When Microsoft first announced dataflows[1] were coming to Power BI earlier this year, I started hearing a surprising question[2]:

Are dataflows for Master Data Management in the cloud?

The first few times I heard the question, it felt like an anomaly, a non sequitur. The answer[3] seemed so obvious to me that I wasn’t sure how respond.[4]

But after I’d heard this more frequently, I started asking questions in return, trying to understand what was motivating the question. A common theme emerged: people seemed to be confusing the Common Data Service for Apps used by PowerApps, Microsoft Flow, and Dynamics 365, with dataflows – which were initially called the Common Data Service for Analytics.

The Common Data Service for Apps (CDS) is a cloud-based data service that provides secure data storage and management capabilities for business data entities. Perhaps most specifically for the context of this article, CDS provides a common storage location, which “enables you to build apps using PowerApps and the Common Data Service for Apps directly against your core business data already used within Dynamics 365 without the need for integration.”[5] CDS provides a common location for storing data that can be used by multiple applications and processes, and also defines and applies business logic and rules that are applied to any application or user manipulating data stored in CDS entities.[6]

And that is starting to sound more like master data management.

When I think about Master Data Management (MDM) systems, I think of systems that:

  • Serve as a central repository for critical organizational data, to provide a single source of truth for transactional and analytical purposes.
  • Provide mechanisms to define and enforce data validation rules to ensure that the master data is consistent, complete, and compliant with the needs of the business.
  • Provide capabilities for matching and de-duplication, as well as cleansing and standardization for the master data they contain.
  • Include interfaces and tools to integrate in with related systems in multiple ways, to help ensure that the master data is used (and used appropriately) throughout the enterprise.
  • (yawn)
    And all the other things they do, I guess.[7]

Power BI dataflows do not do these things.

While CDS has many of these characteristics, dataflows fit in here primarily in the context of integration.
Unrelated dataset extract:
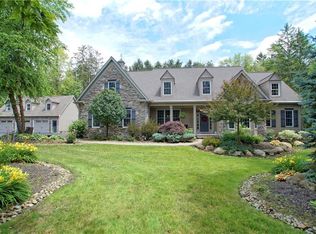 18005 Chateau Trl, Chagrin Falls, OH 44023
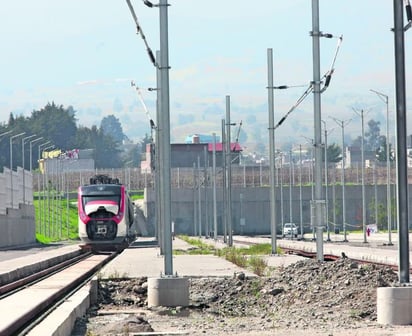 El documento refiere que es de interés del gobierno de México 'impulsar la implementación de ferrocarriles de pasajeros que permitan mejorar la calidad de vida'. (ARCHIVO)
Dataflows can consume data from CDS and other data sources to make them available for analysis, but their design does not provide any capabilities for the curation of source data, or for transaction processing in general.

Hopefully it is now obvious that Power BI dataflows are not an MDM tool. Dataflows do provide complementary capabilities for self-service data preparation and reuse, and this can include data that comes from MDM systems. But are dataflows themselves for MDM? No, they are not.


[1] At the time, they weren’t called dataflows. Originally they were called the Common Data Service for Analytics, which may well have been part of the problem.

[2] There were many variations on how the question was phrased – this is perhaps the simplest and most common version.

[3] “No.”

[4] Other than by saying “no.”

[5] Taken directly from the documentation.

[6] Please understand that the Common Data Service for Apps is much more than just this. I’m keeping the scope deliberately narrow because this post isn’t actually about CDS.

[7] MDM is a pretty complex topic, and it’s not my intent to go into too much depth. If you’re really interested, you probably want to seek out a more focused source of information. MDM Geek may be a good place to start.